Como ellos mismos lo describen, este juego es un cuento para dormir, pero ojo, no porque dé sueño jugarlo, sino porque nos cuenta una historia perfecta para irse a descansar, acogedora, tranquila y llena de momentos de ternura.

La historia nos lleva a conocer a Frank, un pequeño niño que ha descubierto que está enamorado de su compañera de clase Sylvia. A lo largo de cuatro días intentaremos acercarnos a ella, descubriendo lo que le gusta y reuniendo el valor suficiente para hablarle.

Ahora bien, a pesar de que la narrativa es lo más importante, The Day I Became a Bird no es una novela visual. Podrás controlar a Frank y recorrer pequeños escenarios en busca de objetos para completar sencillas misiones, como recoger cajas, palos y hojas.

El juego también nos permite conocer un poco de la vida cotidiana de Frank, por lo que podrás ir en bici a la escuela, participar en clase, jugar en el parque, darle de comer a tu perro y hasta tendrás que sacar tu lado más creativo para recortar y dibujar dentro de líneas punteadas al puro estilo Art Attack.

Son tareas simples, pero encajan perfectamente con el tono del juego y nunca se sienten como relleno, pues cada una nos acerca a nuestro objetivo final, que es agradarle a Sylvia.

Para añadir un poco más de reto, deberás pulsar un botón en el momento correcto o seguir un patrón con el joystick; sin embargo, si quieres que los más pequeños de la casa disfruten de mejor manera el juego puedes eliminar estas mecánicas y tan solo deberán pulsar un botón.

Dentro de estos escenarios también encontrarás plumas doradas que puedes ir recogiendo; aunque no agregan nada a la narrativa, sí hacen más variada la exploración y nos da un motivo adicional para revisar cada rincón.

La parte jugable más importante llega cuando creas los recuerdos de Frank. En estos momentos tendrás que completar un rompecabezas que sigue la misma línea de sencillez del resto de las mecánicas; no son para nada complicados, pero tampoco se sienten triviales, y realizarlos resulta el complemento perfecto de la historia.

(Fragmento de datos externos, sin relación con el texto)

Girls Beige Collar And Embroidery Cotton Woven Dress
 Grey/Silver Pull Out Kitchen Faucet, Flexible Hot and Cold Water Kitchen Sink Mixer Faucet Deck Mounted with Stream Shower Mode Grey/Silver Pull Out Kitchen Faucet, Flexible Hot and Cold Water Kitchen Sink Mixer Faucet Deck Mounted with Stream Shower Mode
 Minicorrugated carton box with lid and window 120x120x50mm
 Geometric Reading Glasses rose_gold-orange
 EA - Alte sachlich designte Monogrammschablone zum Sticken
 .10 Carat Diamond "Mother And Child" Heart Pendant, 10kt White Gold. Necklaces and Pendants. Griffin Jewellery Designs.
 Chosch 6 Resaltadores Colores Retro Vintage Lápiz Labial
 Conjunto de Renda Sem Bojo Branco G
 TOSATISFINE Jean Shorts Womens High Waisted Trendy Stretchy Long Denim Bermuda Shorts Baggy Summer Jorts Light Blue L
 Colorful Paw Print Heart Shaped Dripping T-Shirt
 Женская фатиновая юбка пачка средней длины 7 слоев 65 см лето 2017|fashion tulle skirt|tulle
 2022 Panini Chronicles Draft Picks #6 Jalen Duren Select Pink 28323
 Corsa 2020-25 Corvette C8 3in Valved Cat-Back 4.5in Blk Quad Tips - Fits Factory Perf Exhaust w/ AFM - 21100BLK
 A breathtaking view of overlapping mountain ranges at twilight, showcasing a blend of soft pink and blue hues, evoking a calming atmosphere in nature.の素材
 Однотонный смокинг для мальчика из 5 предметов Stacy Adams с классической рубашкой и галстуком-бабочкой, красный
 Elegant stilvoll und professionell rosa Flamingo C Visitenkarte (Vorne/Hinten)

Ahora bien, el apartado artístico de The Day I Became a Bird es uno de sus puntos más fuertes; el juego utiliza un estilo artesanal muy colorido, como si en verdad estuviéramos dentro de un cuento infantil. Los personajes son sencillos pero adorables, y los tonos pastel y tierra hacen el conjunto aún más acogedor.

Pero lo más bonito llega cuando armas los rompecabezas y ves la ilustración completa. Esos diseños caricaturescos le aportan una originalidad visual que refuerza la identidad del juego con cada nueva memoria desbloqueada.

La música, por supuesto, sigue la misma línea de calma con tonadas suaves que acompañan sin invadir. Hay momentos en que el silencio también hace su trabajo, y el juego sabe exactamente cuándo usarlo para que una escena respire o para que un instante de ternura se sienta un poco más íntimo.

No obstante, hay algo que debes saber y es que The Day I Became a Bird es un juego muy corto. En menos de dos horas llegarás al final, y si bien la experiencia es completa y satisfactoria, algunos jugadores podrían sentir que se queda corta. Dicho esto, dentro de esas dos horas no hay un solo momento desperdiciado, y hay historias que no necesitan más tiempo para decir exactamente lo que tienen que decir.

Finalmente, The Day I Became a Bird es perfecto para una tarde lluviosa donde no quieres el estrés de un título multijugador ni enredarte con mecánicas complicadas. Solo jugar, conocer una historia acogedora y recordar aunque sea por un momento lo que se sentía tener ese primer amor de la niñez que no sabías muy bien cómo expresarlo.Sin más que agregar, te recuerdo que The Day I Became a Bird llega hoy 16 de abril a PC vía Steam, PlayStation 5 y Nintendo Switch.